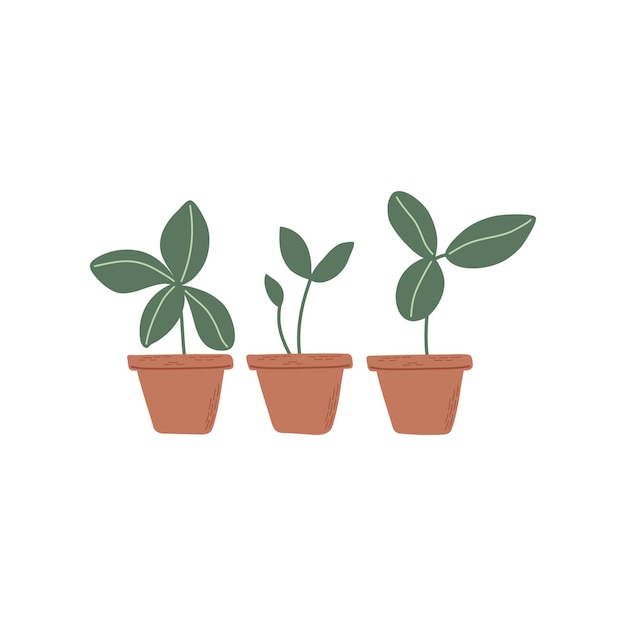 Vector pots with sprouts set of simple plants with green leaves in brown pots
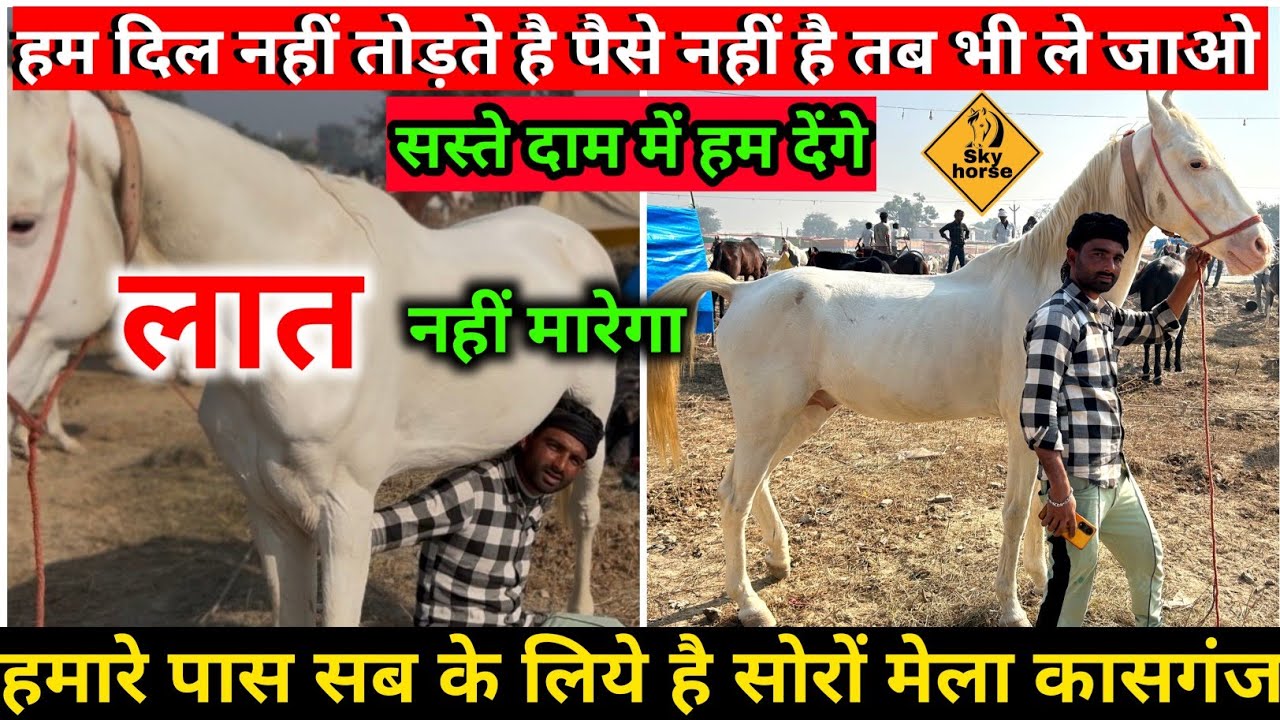 वफ़ादारी हे हमारे माल में नमक का असर आ जाता हे |#सोरोंमेला 2024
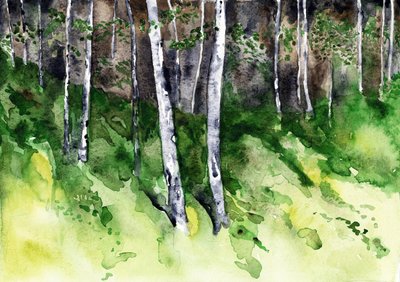 Bosque de abedules bañado por el sol de RodMacIver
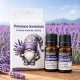 100% tiszta francia levendula illóolaj 2x10 ml - prémium minőségű nyugtató olaj - Zümishop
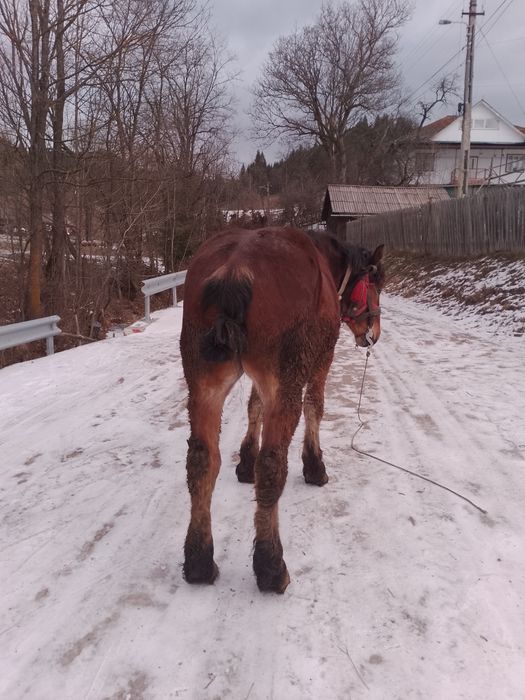 Vând mânz de 2 ani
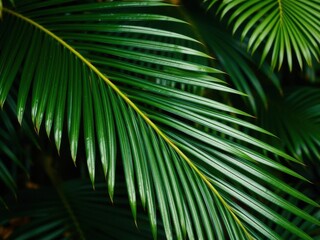 Close up of a vibrant green palm leaf showing intricate textures and details, macro, pattern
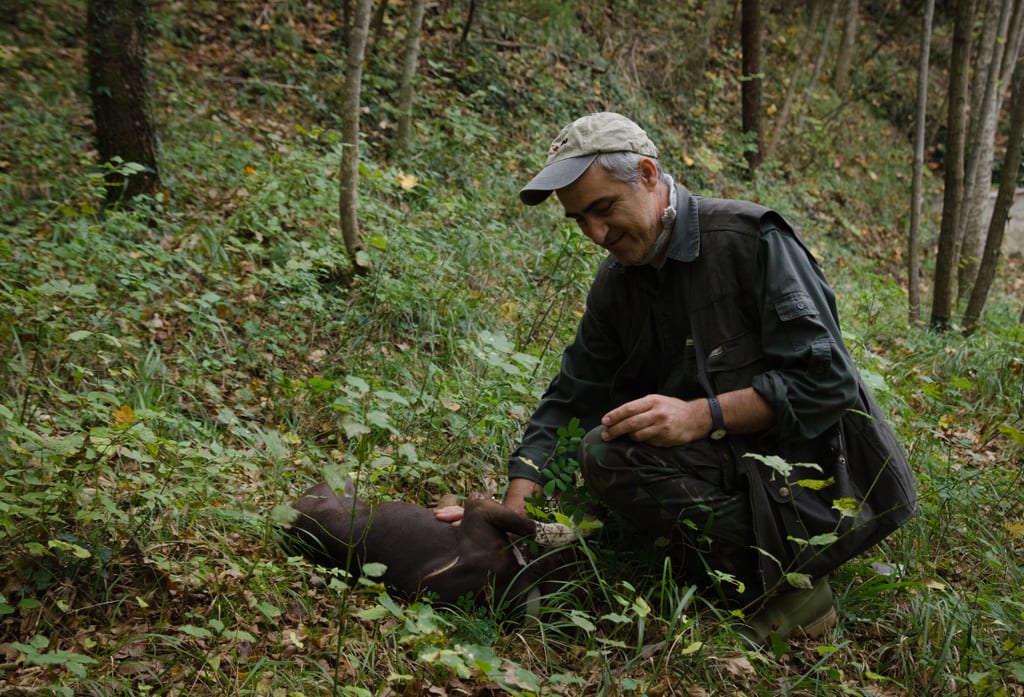 A man holding a truffle, crouched next to a medium-sized black dog in the forest.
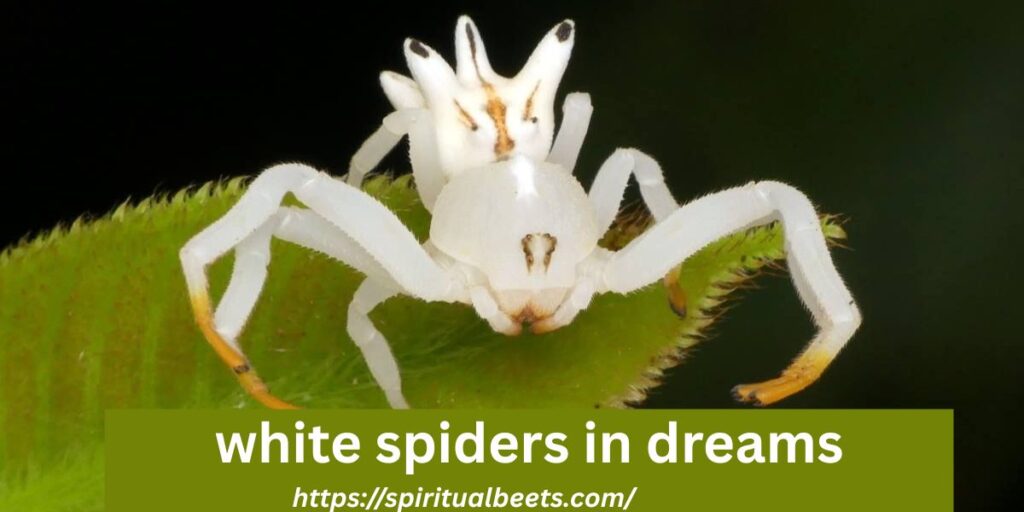 white spiders in dreams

▸ Work item: Your answer is an exact copy of the records above, stripped of pictures.

▸ Solution to this problem:
 Vector pots with sprouts set of simple plants with green leaves in brown pots
 वफ़ादारी हे हमारे माल में नमक का असर आ जाता हे |#सोरोंमेला 2024
 Bosque de abedules bañado por el sol de RodMacIver
 100% tiszta francia levendula illóolaj 2x10 ml - prémium minőségű nyugtató olaj - Zümishop
 Vând mânz de 2 ani
 Close up of a vibrant green palm leaf showing intricate textures and details, macro, pattern
 A man holding a truffle, crouched next to a medium-sized black dog in the forest.
 white spiders in dreams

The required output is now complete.